[Task description]: Word for word, set down the records and skip each picture.

*** Opening Extracted data ***

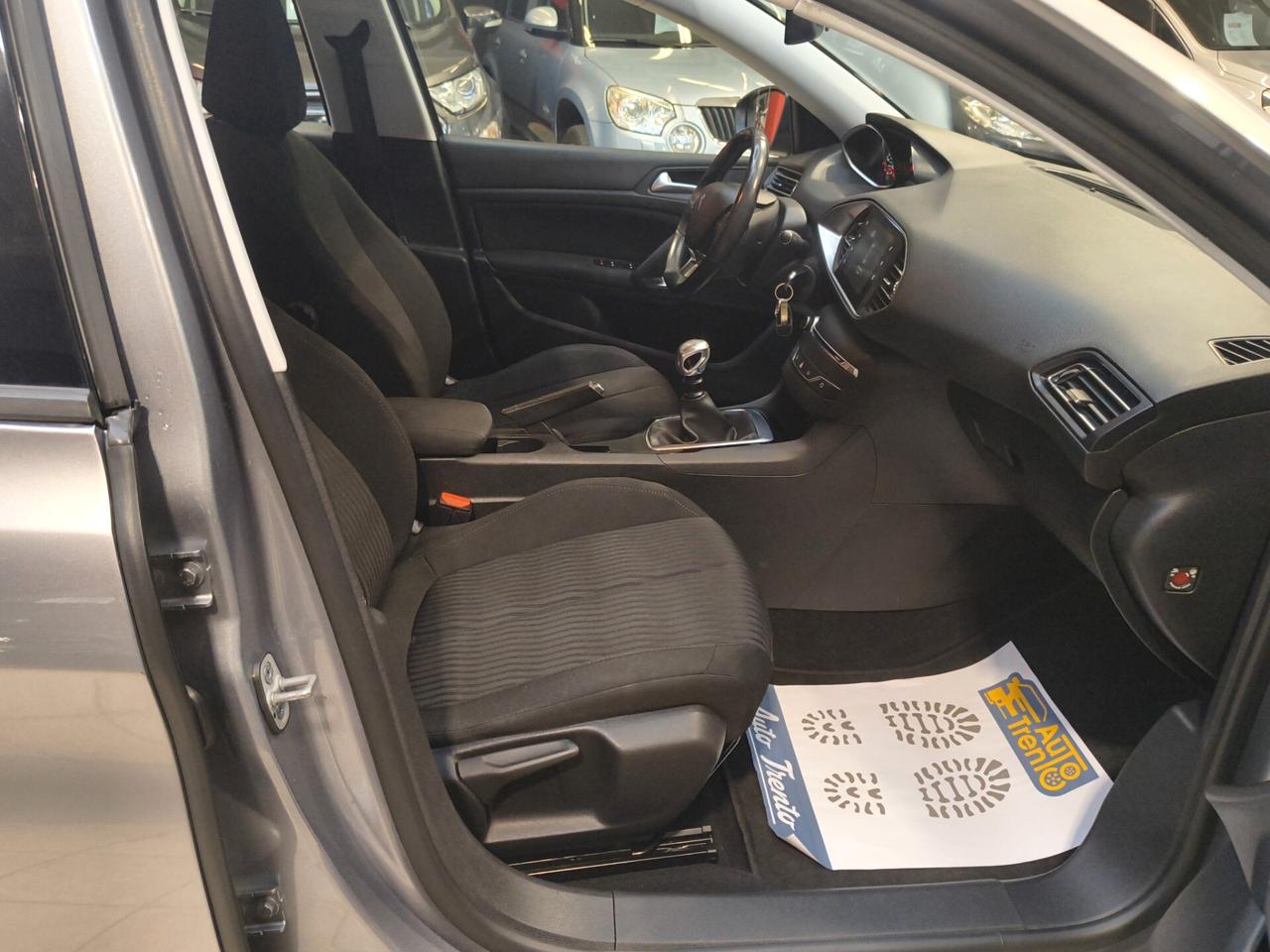 Peugeot 308 BlueHDi 120 S&S EAT6 SW Allure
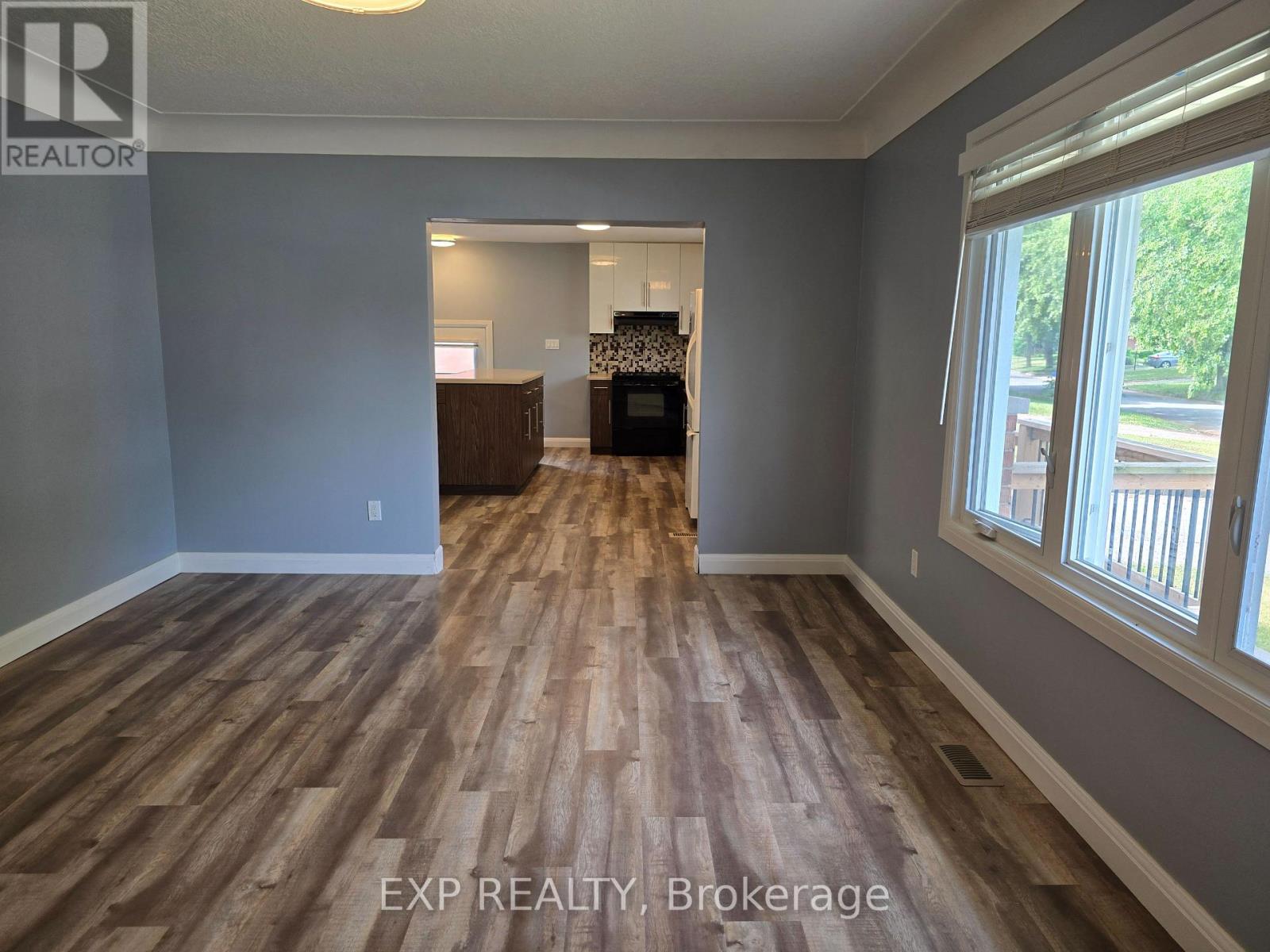 138 Mark Street, London East, Ontario  N5V 2G9 - Photo 6 - X12281678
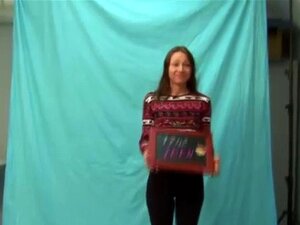 Petite mignonne exhibant ses seins et sa chatte dans un film porno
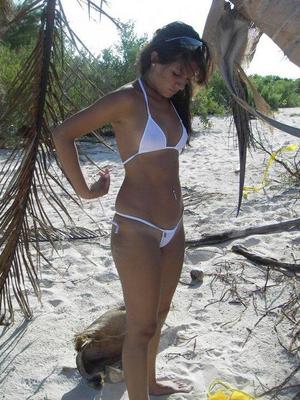 Nice Girl naked on the Fkk Beach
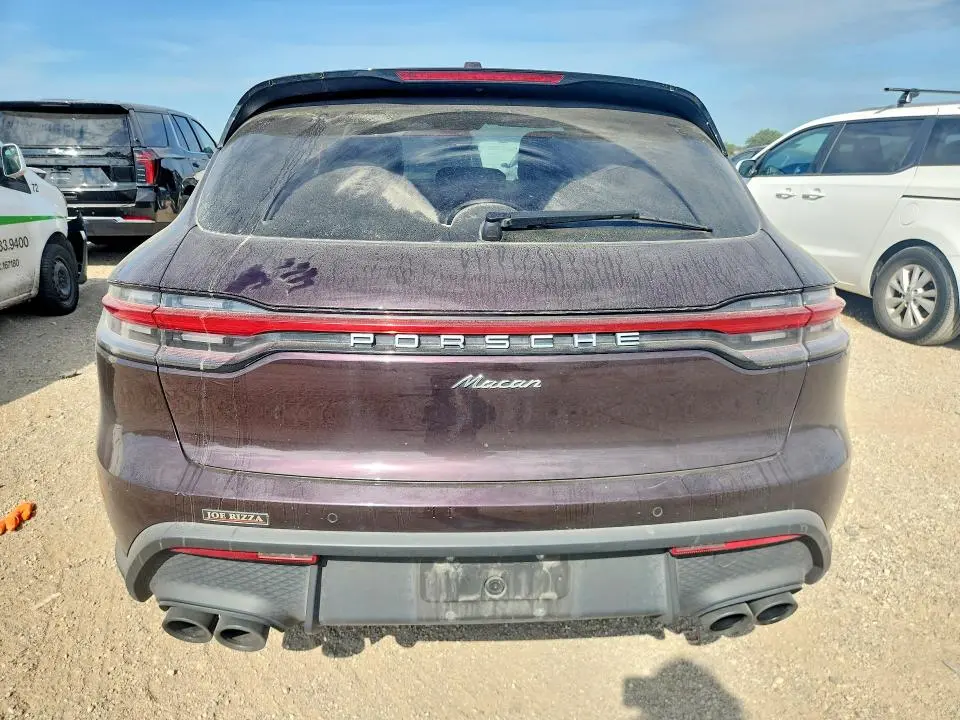 2023 PORSCHE MACAN BASE  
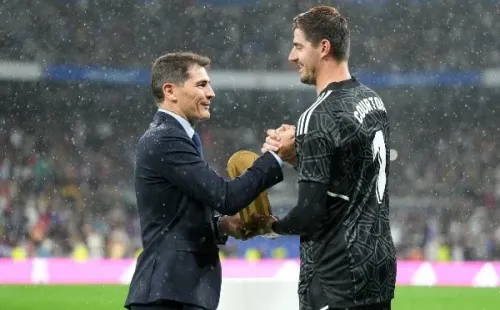 Casillas junto a Courtois, uno de los que competía por el premio The Best al mejor portero. | Foto: Getty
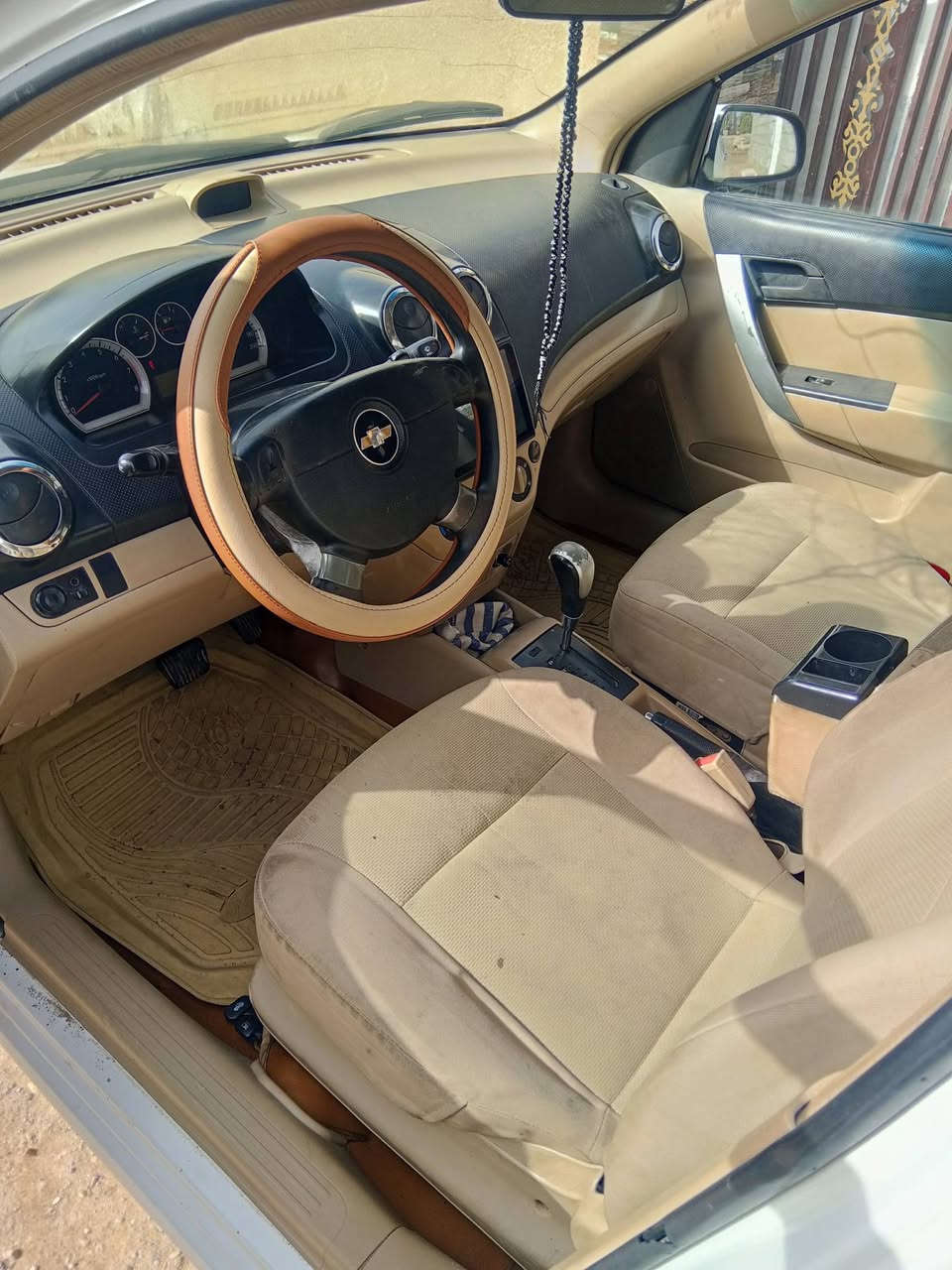 سلام عليكم للبيع سياره افيو موديل 2011 بسمي  سنويه جديده لغايه 2030السعر 65وبيها مجال العنوان واسط النعمانيه رقم الهاتف ***********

*** Closing Extracted data ***

[Solution to the exercise]:
 Peugeot 308 BlueHDi 120 S&S EAT6 SW Allure
 138 Mark Street, London East, Ontario  N5V 2G9 - Photo 6 - X12281678
 Petite mignonne exhibant ses seins et sa chatte dans un film porno
 Nice Girl naked on the Fkk Beach
 2023 PORSCHE MACAN BASE  
 Casillas junto a Courtois, uno de los que competía por el premio The Best al mejor portero. | Foto: Getty
 سلام عليكم للبيع سياره افيو موديل 2011 بسمي  سنويه جديده لغايه 2030السعر 65وبيها مجال العنوان واسط النعمانيه رقم الهاتف ***********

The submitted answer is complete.